(Beginning of Raw data)
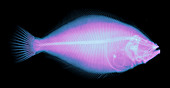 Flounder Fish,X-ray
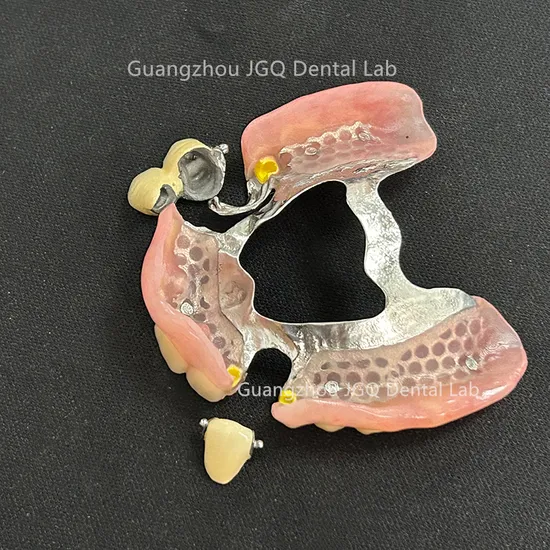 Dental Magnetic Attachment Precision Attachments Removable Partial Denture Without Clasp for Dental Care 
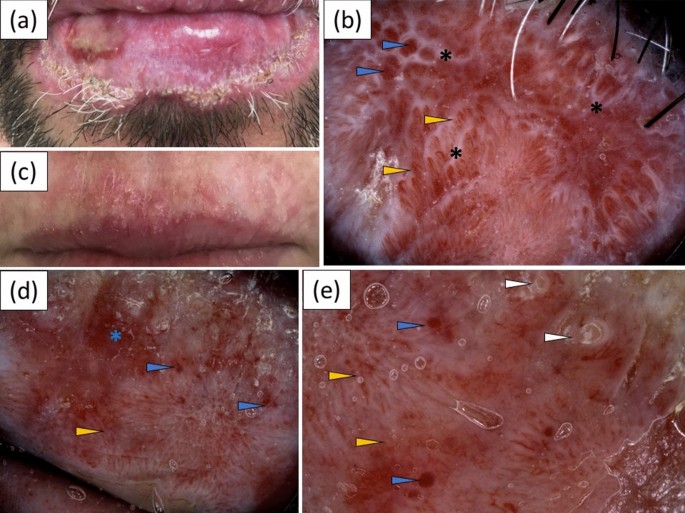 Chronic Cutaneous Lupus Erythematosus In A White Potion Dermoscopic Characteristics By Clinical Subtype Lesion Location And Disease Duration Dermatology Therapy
(End of Raw data)
Quote the listing above in full, except for the pictures.

 Flounder Fish,X-ray
 Dental Magnetic Attachment Precision Attachments Removable Partial Denture Without Clasp for Dental Care 
 Chronic Cutaneous Lupus Erythematosus In A White Potion Dermoscopic Characteristics By Clinical Subtype Lesion Location And Disease Duration Dermatology Therapy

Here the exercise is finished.